Was it the new Guardian? He strained to see, but there was no figure stepping into the light. No one revealed themselves. Only the forest pulsing with power. He knew something was there in the nothingness because all eyes were on it.
Doran tapped his staff lightly against the mossy ground. The sound was rhythmic, steady—a heartbeat in the tense silence.
"Doran, what is it? Who are they talking to?"
The dryad tilted his head, studying Phillip closely. "You can't see her, can you?"
"See who?"
Doran said nothing, and in the dryad's silence, Phillip heard it. The unmistakable echo of her voice drifted through the air. It was faint, like the memory of a dream. It set his pulse racing as though his heart were trying to break free from his chest and run to her. The scent followed—a wild, untamed fragrance that was uniquely hers. It wasn’t jasmine or anything cultivated; it was the scent of earth after rain, the freshness of untouched forests, and the faint sweetness of night-blooming flowers.
Phillip's hand lifted without his permission, reaching toward the space the others were focused on. At first, he felt nothing—just air, cool and empty. He reached again. This time, his fingertips brushed against something solid.
Warm. Familiar.
His hand found skin. Smooth. Radiant.
His fingers curled slightly, afraid the sensation would vanish if he let go.
A surge of energy shot through him, starting at his fingertips and racing up his arm, setting every nerve on edge. He was on the edge of something big, something bright. It felt like waking from the deepest sleep. It was like a shroud that had smothered him for years was suddenly being torn away. His heart, sluggish and heavy for so long, kicked into overdrive, pounding against his ribs with a rapid rhythm, like it had just remembered how to beat.
He inhaled sharply. The air tasted cleaner, sharper, like the first breath of the spring solstice. Every sound around him sharpened—the rustle of leaves overhead, the distant birdsong, the creak of Doran’s staff against the forest floor.
He blinked again, and the haze that had clouded his mind for years vanished. His limbs no longer felt heavy, his thoughts no longer slow. The fog that had draped itself over his soul had lifted, leaving him fully awake for the first time in what felt like a lifetime.
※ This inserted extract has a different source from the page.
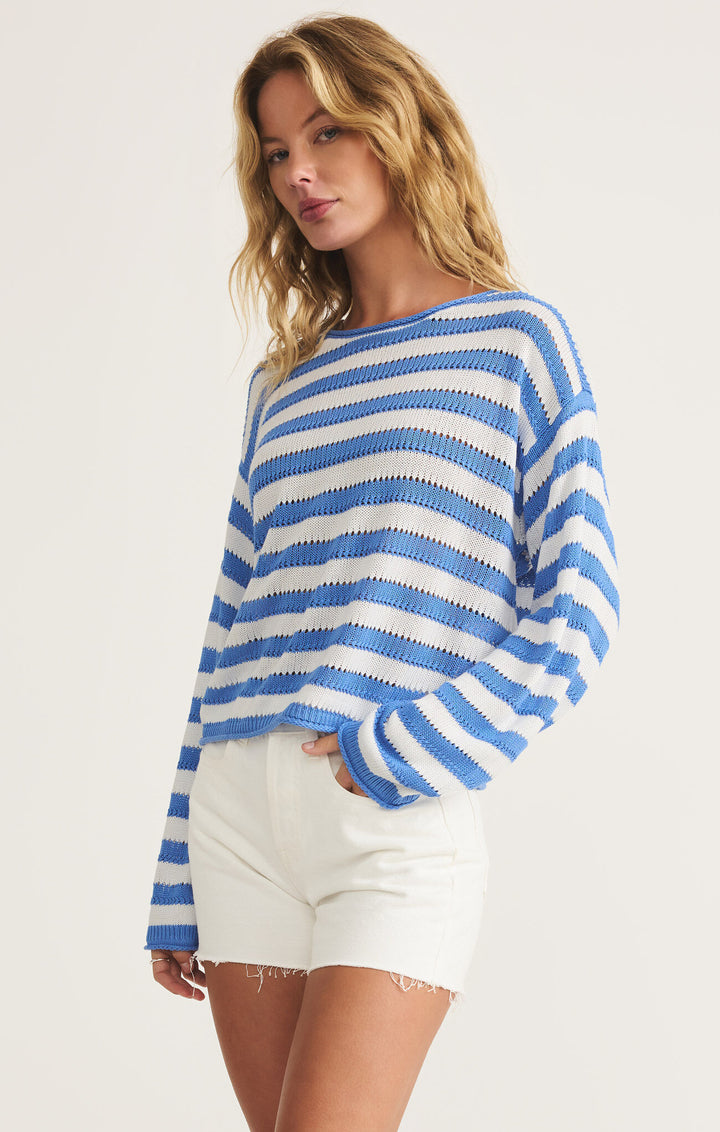 Z Supply Prado Stripe Sweater in Bay Blue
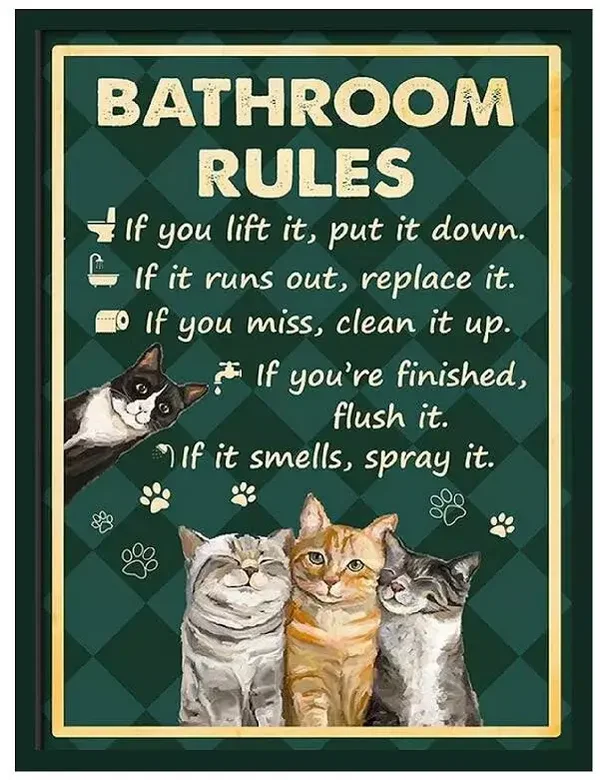 BATHROOM CAT RETRO LOOK SIGN Metal RETRO Sign BATHROOM KITCHEN GARAGE A5 A4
Blood surged through his veins, filling him with a wild, reckless sense of vitality. He felt alive again—truly, fully alive. The exhaustion that had plagued him melted away as though it had never existed. His pulse thrummed in his ears. His muscles tensed with the thrill of renewed strength, daring him to run, to leap, to fight.
The air shifted, and suddenly, he was staring into a pair of eyes he knew better than his own. Wide, shocked, and vividly green. The same eyes that had haunted his dreams for years.
"Mal?" He breathed her name like a prayer. Only this time, she answered.
Maleficent stared back at him, her expression one of disbelief. Neither of them moved. They stood frozen in the strange space between memory and reality.
Phillip was touching her. Phillip could see her. And for a terrifying, beautiful moment, Phillip thought she might be a ghost—some lingering spirit sent to torment him with what he had lost.
It didn't matter. The surreal her was just as breathtaking as the real one. If she was dead, he would follow her to the afterworld.
But then he saw the way the others stared at her too—the way their gazes flickered between her and him.
She wasn’t a ghost.
She was real.
"You..." Phillip’s voice faltered, his hand still cradling hers as if afraid she would vanish again. "You’re really here."
Mal shook her head slowly. She gasped in a shaky breath, as if she, too, couldn’t believe what she was seeing. "You are supposed to be dead."
Phillip’s hand tightened around hers, the ache in his scar fading into the background as warmth spread through his hand, up his arm, and through his chest. "I'm not. I’m here. I’m right here."
Mal let out a choked sound, her body shaking from the revelation. Then she yanked her hand away from him, turned on her heel, and stormed off.
CHAPTER SEVEN
Mal’s whole body trembled, trembled with absolute fury. Her magic burned hot under her skin as she stormed deeper into the forest. Every step was fueled by rage. And all the rage was directed at Aurora.
She was going to kill the bitch. That prissy bitch of a princess. She was a pritch, that's what she was.
That pritch had come into her and Phillip's lives and tried to make a mess of their friendship. Then she'd tried to drive a wedge between their love. Why? Mal knew Aurora didn't love Phillip. At times she wondered if the pritch even liked him.